I have been crippled by my age, by what I have known, as well as by my youth, by what I have yet to learn, in all these inquiries.  It has taken me years, which might have been spent (by someone else) seeking something greater, in some other place.  I have sought only you.  Enough.  I wish to know you, and you will not speak.  

--Barry Lopez,
from River Notes: The Dance of Herons

I can't say enough how much this slim volume mattered, how much it made complex, made even more emotional and even more intricately verbal my relationship with nature and story, when I first discovered River Notes in Moe's Books of Berkeley, CA, so long ago in 1980.
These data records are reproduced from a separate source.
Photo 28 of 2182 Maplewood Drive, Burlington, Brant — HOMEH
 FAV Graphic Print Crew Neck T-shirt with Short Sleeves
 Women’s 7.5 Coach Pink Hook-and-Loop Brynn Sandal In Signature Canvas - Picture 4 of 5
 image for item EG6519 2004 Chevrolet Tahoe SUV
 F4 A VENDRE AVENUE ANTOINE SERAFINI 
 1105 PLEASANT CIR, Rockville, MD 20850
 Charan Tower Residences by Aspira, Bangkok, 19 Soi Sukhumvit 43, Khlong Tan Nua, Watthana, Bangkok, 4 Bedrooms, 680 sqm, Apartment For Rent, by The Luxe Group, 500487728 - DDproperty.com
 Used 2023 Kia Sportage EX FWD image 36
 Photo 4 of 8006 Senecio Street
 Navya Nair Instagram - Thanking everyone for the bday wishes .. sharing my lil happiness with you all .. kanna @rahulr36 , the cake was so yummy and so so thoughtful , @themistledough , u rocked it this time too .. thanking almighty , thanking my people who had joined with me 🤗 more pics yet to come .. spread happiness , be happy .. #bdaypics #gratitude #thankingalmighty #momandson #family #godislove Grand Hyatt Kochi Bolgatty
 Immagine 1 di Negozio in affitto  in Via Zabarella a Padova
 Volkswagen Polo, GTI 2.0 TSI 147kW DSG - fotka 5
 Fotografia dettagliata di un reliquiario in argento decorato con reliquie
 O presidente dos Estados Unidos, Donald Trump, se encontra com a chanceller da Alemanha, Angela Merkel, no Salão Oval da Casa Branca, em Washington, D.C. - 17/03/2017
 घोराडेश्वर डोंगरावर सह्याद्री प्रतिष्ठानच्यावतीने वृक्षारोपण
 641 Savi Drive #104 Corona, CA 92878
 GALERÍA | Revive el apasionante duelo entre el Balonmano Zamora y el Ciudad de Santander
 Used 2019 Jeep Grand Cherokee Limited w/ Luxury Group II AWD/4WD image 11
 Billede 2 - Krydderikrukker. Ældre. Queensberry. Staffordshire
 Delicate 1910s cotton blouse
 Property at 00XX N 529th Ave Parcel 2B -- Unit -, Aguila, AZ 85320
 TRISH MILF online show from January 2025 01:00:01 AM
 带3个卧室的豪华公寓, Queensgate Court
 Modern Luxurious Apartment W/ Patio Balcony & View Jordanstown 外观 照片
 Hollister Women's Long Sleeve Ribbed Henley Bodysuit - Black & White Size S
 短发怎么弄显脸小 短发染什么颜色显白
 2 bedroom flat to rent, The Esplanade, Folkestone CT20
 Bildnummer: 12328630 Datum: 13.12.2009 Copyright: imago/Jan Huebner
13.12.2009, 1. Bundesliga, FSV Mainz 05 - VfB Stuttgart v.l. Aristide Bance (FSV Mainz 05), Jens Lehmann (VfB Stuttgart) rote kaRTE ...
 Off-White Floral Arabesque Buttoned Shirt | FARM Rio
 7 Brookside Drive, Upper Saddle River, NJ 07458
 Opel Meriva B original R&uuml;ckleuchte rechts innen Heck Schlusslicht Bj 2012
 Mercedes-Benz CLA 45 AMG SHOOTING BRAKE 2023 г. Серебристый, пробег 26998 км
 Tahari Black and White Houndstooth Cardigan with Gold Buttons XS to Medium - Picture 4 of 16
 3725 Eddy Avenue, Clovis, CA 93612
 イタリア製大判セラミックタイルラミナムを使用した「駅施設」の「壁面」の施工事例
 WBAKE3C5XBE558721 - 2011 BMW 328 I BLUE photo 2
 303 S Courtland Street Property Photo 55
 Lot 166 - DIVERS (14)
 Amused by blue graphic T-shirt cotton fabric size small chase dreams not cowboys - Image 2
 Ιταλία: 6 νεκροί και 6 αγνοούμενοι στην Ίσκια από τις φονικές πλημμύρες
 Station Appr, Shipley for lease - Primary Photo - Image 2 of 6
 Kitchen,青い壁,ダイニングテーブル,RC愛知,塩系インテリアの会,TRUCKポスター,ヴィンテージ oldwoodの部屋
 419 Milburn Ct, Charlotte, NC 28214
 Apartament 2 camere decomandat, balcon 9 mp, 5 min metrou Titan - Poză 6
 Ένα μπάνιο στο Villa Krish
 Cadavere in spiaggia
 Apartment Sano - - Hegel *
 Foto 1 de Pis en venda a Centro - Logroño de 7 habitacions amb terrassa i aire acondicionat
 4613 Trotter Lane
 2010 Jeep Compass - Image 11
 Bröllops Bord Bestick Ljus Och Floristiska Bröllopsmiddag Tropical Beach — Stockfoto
On this recent rereading -- and River Notes is a book I reread more or less each year, haphazardly, piece by piece over all the months of the year -- I realized how much his chapter "The Salmon" prepared me for the art and artistry of Andy Goldsworthy and for so many of my own efforts in clay amidst sea and creek.

I've witnessed this writer giving a talk and reading one of his stories at least once --"The Mappist," at the Donna Seager Gallery in San Rafael -- and I took this rather intimate opportunity (such a small venue, a somewhat select gathering) to thank Barry Lopez for his body of work.  I'm glad I overcame my natural diffidence to do so.

The passage above spoke to me when I was a mere youth, not even 20, and speaks to me now, a bit over 50.  I like the appositive defining of age in terms of knowing, in terms of what we don't understand and of what we do, as well as the sad, even bitter tone.  Loss breathes through the passage, through most of the book, and Lopez's voicing of that theme, that truth, caught my ear, and the ear of my soul (if you will), even if I didn't--perhaps, still don't--truly understand wherein that sense of loss resides, takes form.  Recently, I have read an interview with Barry Lopez in which he reveals that the writing of River Notes, though a sequence of fictional narratives, was deeply informed by the death of his mother.

The book takes us from the seaside, the mouth of the river, upstream until we reach the headwaters, the source.  The last chapter, be warned, is entitled "Drought."  I'll hold off saying more, for I'd rather awaken curiosity and intimate mystery.  I have taught two chapters in particular a dozen times, I think: "The Bend" and "The Rapids."  Here's another passage from "The Salmon":

There is never, he reflected, a moment of certainty, only the illusion.   And as he worked among the rocks in the middle of the river he thought on this deeply, so deeply that had his movements not been automatic he would have fallen off the rocks and into the river and been borne away.

In the summer light, even with the coolness of the water welling up around him in the air, thinking was all he was capable of; and this distraction left him exhausted and unbalanced so that at the end of the day the physical exhaustion he felt was something he lowered himself into, as into a hot bath.  He pondered gentleness often.  And he tried to pry (hefting the stones, conscious of the resonance between the idea in his mind and the work of his hands) into mysteries which remained as implacable as the faces of the stones.


Thank you, again, Barry Holstun Lopez.

River Notes: The Dance of Herons
A Bard Book / Avon Books: New York,  November, 1980.

Voyage-charm: sculpture mix; floating blue glazing; matte finish.